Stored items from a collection
== Segment start ==
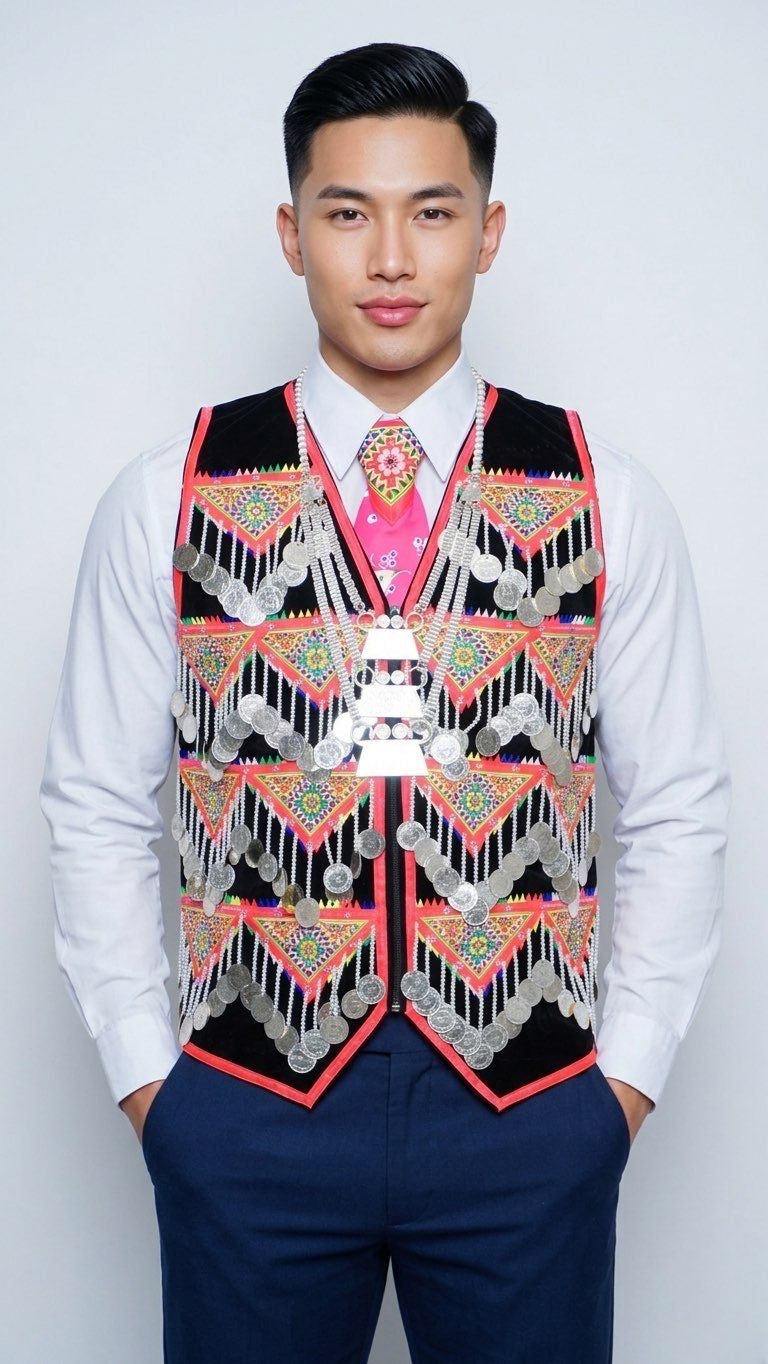 Handmade Pajntaub Mos Vest (38”)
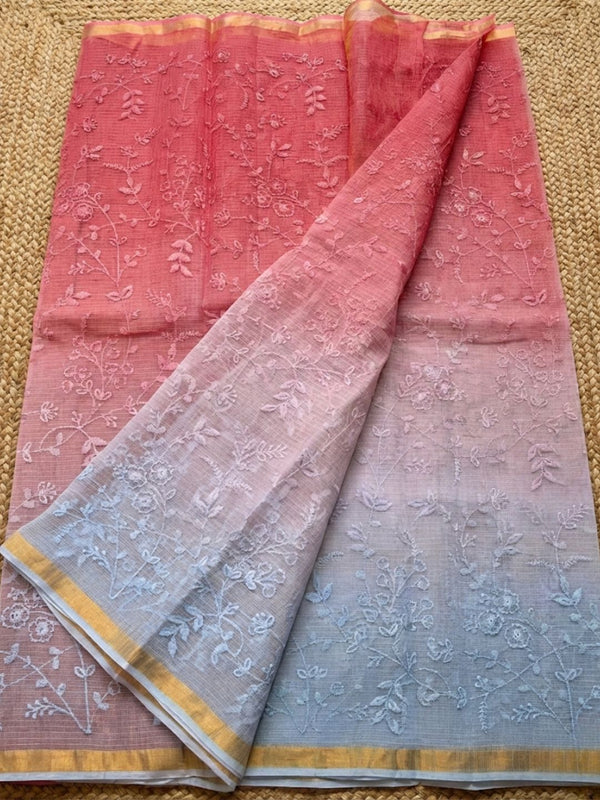 Lightweight Pure Cotton Kota Doria Multicolor Saree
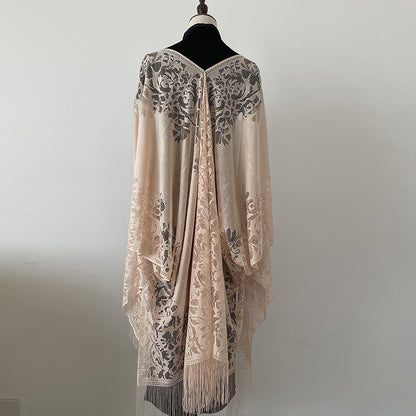 Summer Ladies Tassel Women's Thin Lace Shawl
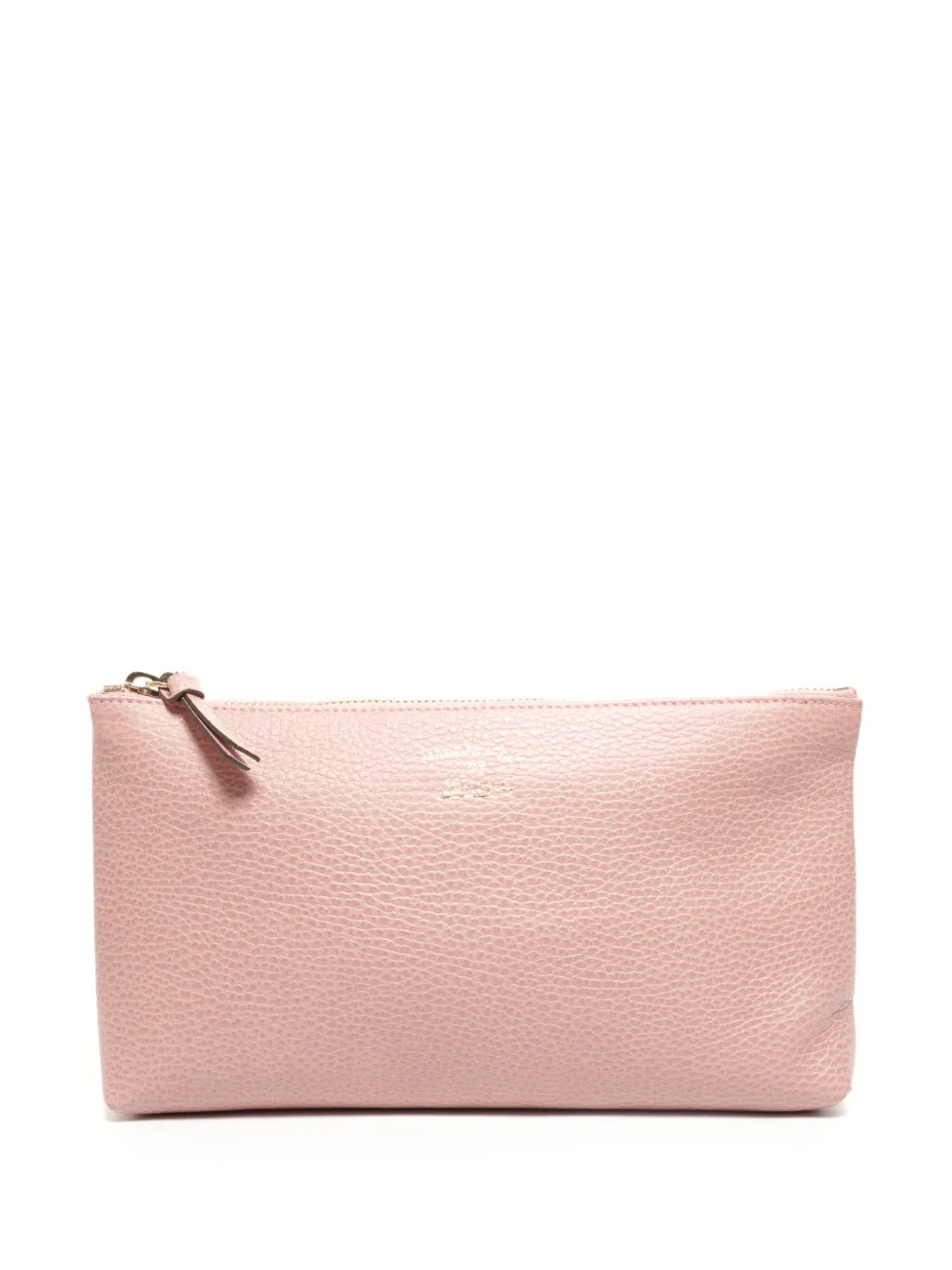 Gucci Pre-Owned 2010s textured-leather clutch bag - Rosa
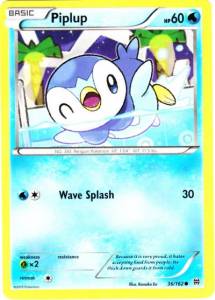 Piplup - Turboblitz (Common) [BKT-36]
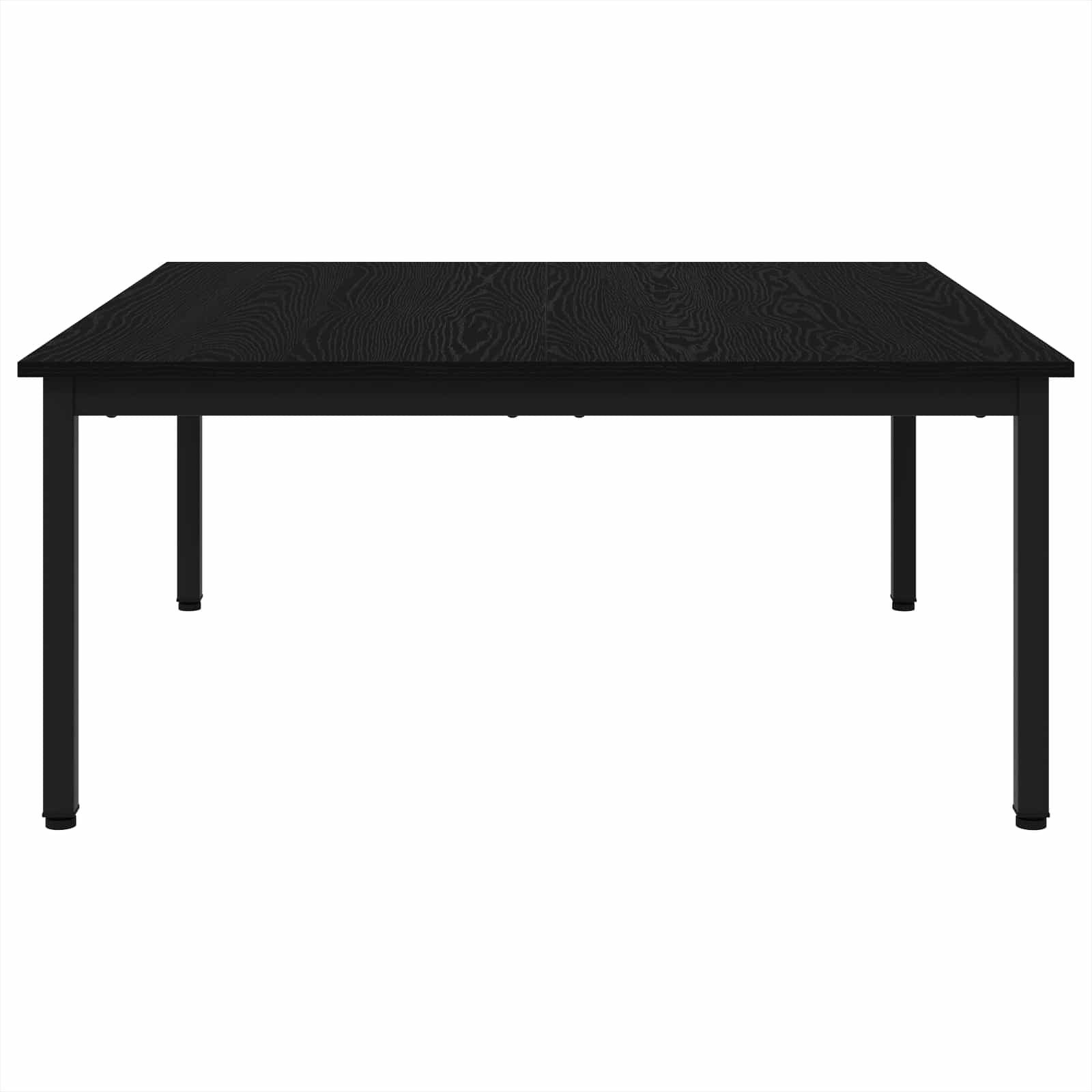vidaXL Couchtisch Couchtisch Schwarz Eichen-Optik 100 x 100 x 45 cm Holzwerkstoff (1-St) – Bild 5 von 5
== Segment end ==
• TASK REQUIREMENTS: Each entry above must be restated word for word; the pictures stay out of the copy.

• OUTPUT OF THE EXERCISE:
 Handmade Pajntaub Mos Vest (38”)
 Lightweight Pure Cotton Kota Doria Multicolor Saree
 Summer Ladies Tassel Women's Thin Lace Shawl
 Gucci Pre-Owned 2010s textured-leather clutch bag - Rosa
 Piplup - Turboblitz (Common) [BKT-36]
vidaXL Couchtisch Couchtisch Schwarz Eichen-Optik 100 x 100 x 45 cm Holzwerkstoff (1-St) – Bild 5 von 5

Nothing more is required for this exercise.